Release Date: February 22nd, 2019
The return of Johan Längquist (the singer in the monumental album “Epicus Doomicus Metallicus”) in the band, seems like the last “card” being played by CANDLEMASS in order to “rock the boat” and renew the audience’s interest in their declining (in terms of creativity) career, since their reunion in 2001. And up to a certain extent, they do it really well, because “The Door to Doom”, according to my opinion, is the band’s best release since “King of the Grey Islands” (2007). The proof for this can be heard in songs such as “Astrorolus – The Great Octopus” (which reminds me a bit of Krux, and features a guest guitar solo by none other than Tony Iommi), and the triplet “Death’s Wheel”/ “Black Trinity”/ “House of Doom” which comprises the artistic peak of the album. On the other hand, I wouldn’t miss at all the generic ballad “Bridge of the Blind” (Avatarium, anyone?), and in addition the remaining tracks sound like anodyne fillers to my ears; not disappointing, but certainly not exciting either. What I really miss though in this album, is a really slow, ultra-heavy and massive song, to justify in a way the over-use of the word “doom” by the band, during the last years. There’s no doubt that CANDLEMASS are the godfathers of the specific term, but there’s really no need for them to constantly point it out in almost every possible title or verse. It has become quite boring, and it also reveals a lack of inspiration.

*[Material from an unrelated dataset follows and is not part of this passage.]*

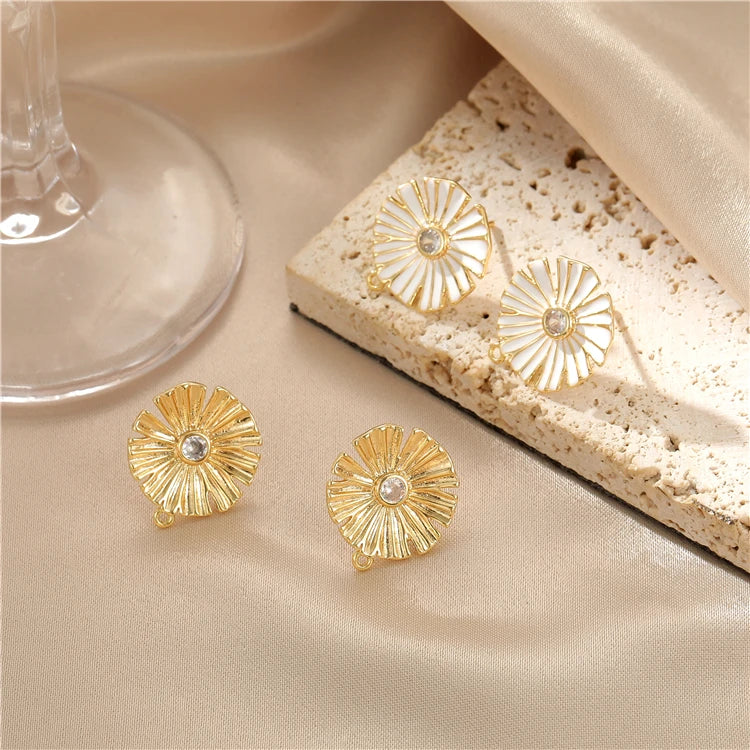14K Gold Plated Brass Fashion Earrings 2022 Wholesale Enamel Daisy Flower Earrings Women Accessories for Making Earings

In other respects, Johan Längquist’s voice still sounds gracious (especially if you consider that it’s been 33 years since the release of “Epicus…”), and the same goes for the performance of the other band members. As far as the production is concerned, the sound of the album provides a balanced combination between clarity, heaviness and power, something that makes listening to “The Door to Doom” a comfortable, even pleasurable experience – and the “normal” duration (49 minutes) of this work adds up to it. To conclude, CANDLEMASS have returned with a release that surely does not stand next to their classic albums; however it is totally worthy of the band’s name and legacy. I doubt if any loyal Candlemass-fan will be disappointed by this album (since at least half of its songs fully deliver what he or she may expect nowadays from these Swedish masters), but it won’t be very easy for “The Door to Doom” to attract newcomers; the latter should compulsorily begin with the band’s first two masterpieces, and then continue with the rest of its discography.